Start the service with:

```bash
docker compose up -d
docker compose logs -f

```

You will see confirmation that the **Headroom proxy** is listening on `0.0.0.0:8787`.

## Verify the Deployment

Test the running container using the exposed port and the health endpoint:

```bash
curl http://localhost:8787/readyz

```

For a full integration test, send a chat completion request:

```bash
curl -X POST http://localhost:8787/v1/chat/completions \
  -H "Content-Type: application/json" \
  -d '{"model":"gpt-4o-mini","messages":[{"role":"user","content":"Hello"}]}'

```

A healthy container returns a compressed response from the downstream provider, confirming that the proxy is operational.

## Summary

- The official image `ghcr.io/chopratejas/headroom:latest` is built from the repository’s multi-stage `Dockerfile` and packages the Rust core with a Python runtime.
- The default entrypoint runs `headroom proxy` on port 8787, exposing an OpenAI-compatible HTTP API.
- Configure `OPENAI_TARGET_API_URL` to route traffic to custom LLM endpoints.
- The container includes a health check against `/readyz` for orchestration platforms.
- Reference the included [`docker-compose.yml`](https://github.com/chopratejas/headroom/blob/main/docker-compose.yml) for production-ready deployment templates.

## Frequently Asked Questions

### What is the default port for the Headroom Docker container?

The container exposes the proxy service on **port 8787** by default. This is configured in the `Dockerfile` entrypoint and can be overridden using the `--port` argument or by changing the port mapping in your `docker run` command.

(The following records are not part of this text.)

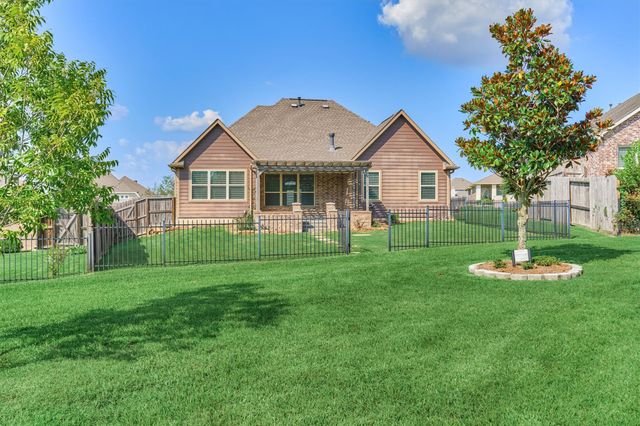 180 Racetrack Lane, Montgomery, TX 77356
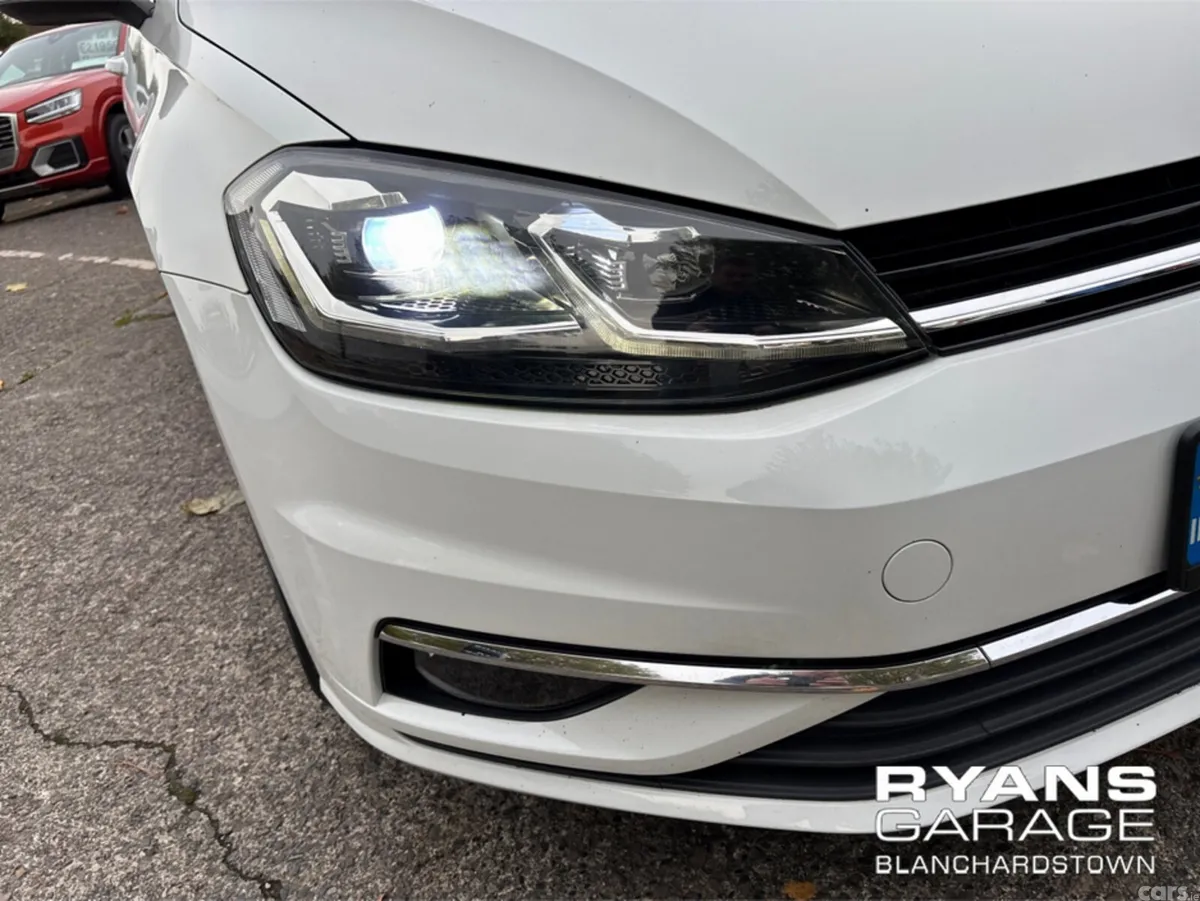 Volkswagen Golf Hatchback, Petrol, 2018, White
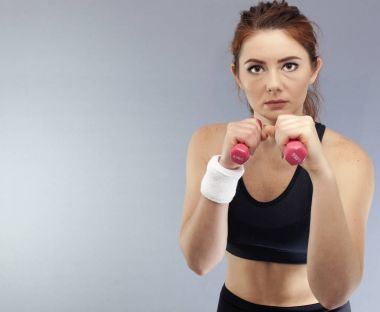  Spor g.Pasquali kız kırmızı dumbbells boksör poz ile doğrudan görünüyor. Portre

### How do I point Headroom to a different LLM API endpoint?

Set the `OPENAI_TARGET_API_URL` environment variable when starting the container. This variable directs the proxy to forward requests to your specified base URL instead of the default OpenAI endpoint, enabling compatibility with Azure OpenAI, X.AI, or private API gateways.

### How can I check if the Headroom container is healthy?

The official image includes a Docker health check that executes `curl --fail --silent http://127.0.0.1:8787/readyz` every 30 seconds. You can also query this endpoint manually from the host to verify that the compression service is ready to accept connections.

### Can I build the Docker image from source instead of using the official registry?

Yes. Clone the `chopratejas/headroom` repository and run `docker build -t headroom:local .` from the root directory. The `Dockerfile` handles compilation of the native Rust components and Python wheels, producing an image functionally identical to the `ghcr.io` distribution.